“Spirituality is not to be learned by flight from the world, or by running away from things, or by turning solitary and going apart from the world. Rather, we must learn an inner solitude wherever or with whomsoever we may be. We must learn to penetrate things and find God there.” ~ Meister Eckhart
This also builds on my earlier thoughts about having a peaceful heart. There is no merit to mistaking the calm that might grow out of avoiding the world for true peace which comes from facing the world and being able to allow trust in God. If we push through fear, anger or what ever negative emotion we might be feeling we can open ourselves up to the power of God.
If we avoid the world and hide from it, we hide ourselves from the face of God. He can see us and he sees us always but we can't see him if we avoid him through rejection of his created world no matter where we might be in the world. Eckhart says we must penetrate things to find God. What are those things? They are things our ego constructs in an ill-fated effort to protects. The need to control.
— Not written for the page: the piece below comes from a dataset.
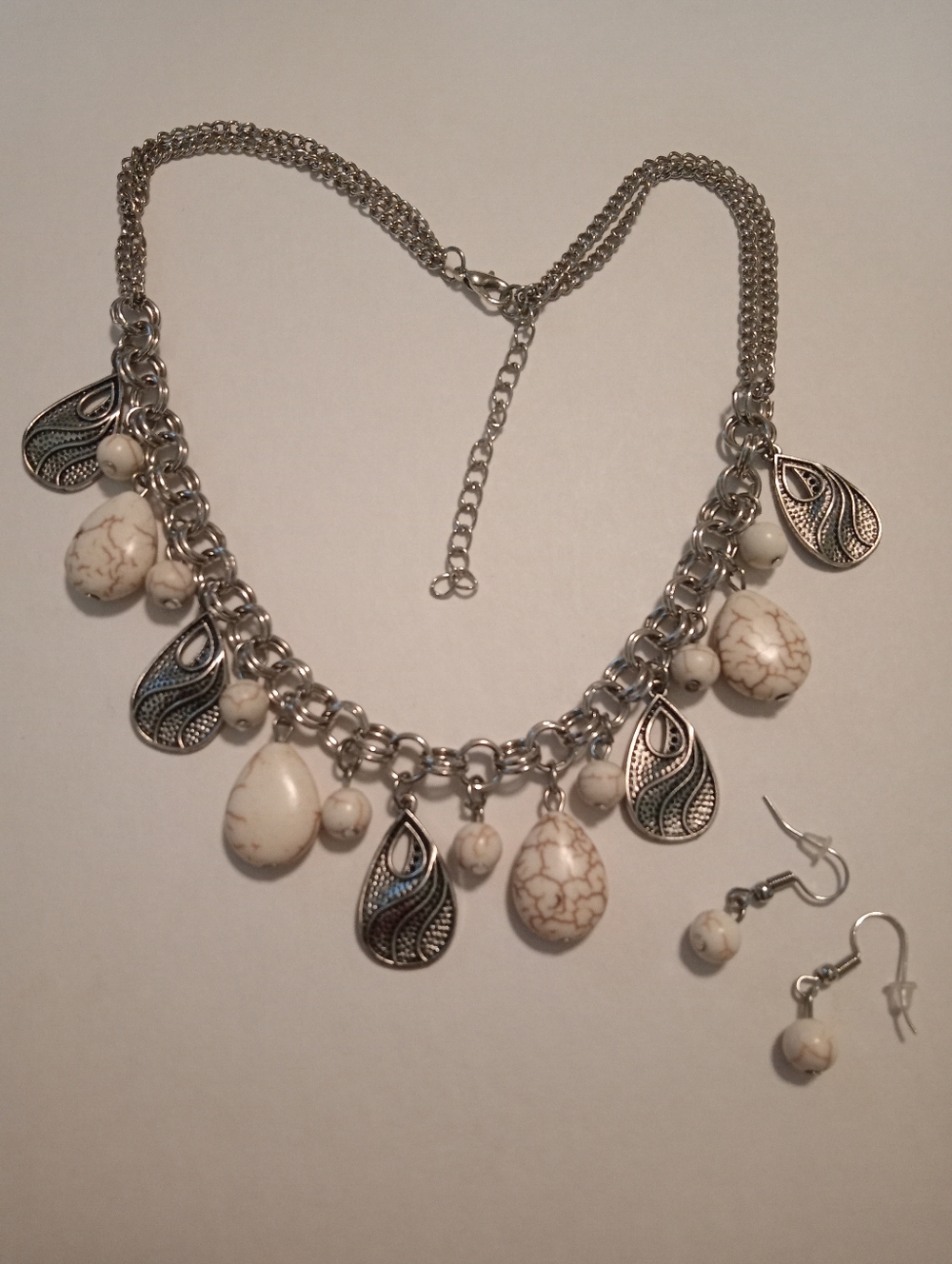 #1179.  Silver Toned & Semi Precious Stone Necklace & Earring Set.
The desire to avoid negativity and controversy. The bruising we take which creates a sense humility and all of these things defeat what inkling of hope we might hold.
There is also another clear indictment of our wish to find peace and to find God by separating ourselves from God, to seek those thin places the Irish love to embrace because we believe we can find solace there. Solace might be healing and allow us to more quickly let go of things that distract us but we can not allow be overly reliant on exterior solitude because it is so often not available to us. We cannot just withdraw when we need to turn within to find God.
My brushes with Benedictine spirituality remind me that there is a great importance for being in one place, to be stable and not inclined to move from one place to another in a search for peace because true peace is not out there somewhere but is in here, inside us in the soul.
It often seems prudent to turn away, to hide and be out of the light but the comfort is illusory and temporary. The trouble remains and holds power of us it as long as it give it the authority to do so. Only when we connect with God can we find peace.